▶ Problem details
Exactly as written, write out the lines below from the first to the one containing "Hello what's up", inclusive. Pictures do not belong in the copy.

▶ Provided material
= = =

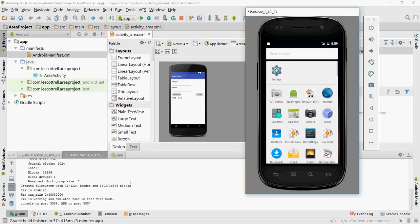Hello, in this video we're going to demonstrate how to create a launcher icon for your Android application.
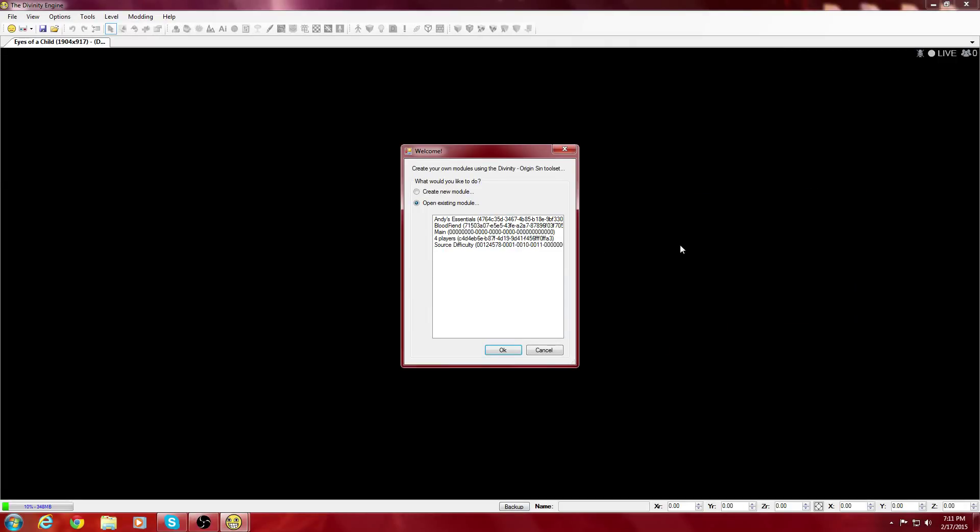Hello what's up YouTubers, this is DinoLil9 and today I'm going to be showing you guys how to mod the main campaign of Divinity Original Sin using the Divinity Engine. I'm going to go all the way from the beginning, as soon as you download it, to how to mod the main campaign.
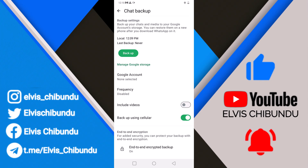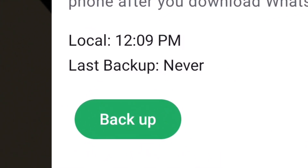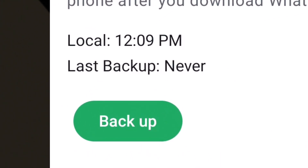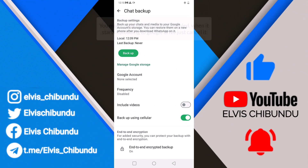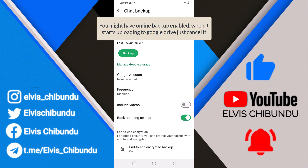You have to click on Backup. I've already done that — as you can see, the time of the local backup is 12:09 PM. That's how you backup your WhatsApp chat offline.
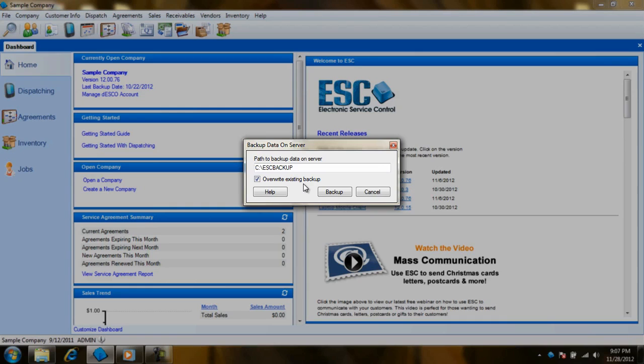If you're going to be backing up often, you might want to check this box periodically. Otherwise your file will grow exponentially and use up your hard disk space.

= = =

▶ Solution
Hello, in this video we're going to demonstrate how to create a launcher icon for your Android application.
Hello what's up YouTubers, this is DinoLil9 and today I'm going to be showing you guys how to mod the main campaign of Divinity Original Sin using the Divinity Engine. I'm going to go all the way from the beginning, as soon as you download it, to how to mod the main campaign.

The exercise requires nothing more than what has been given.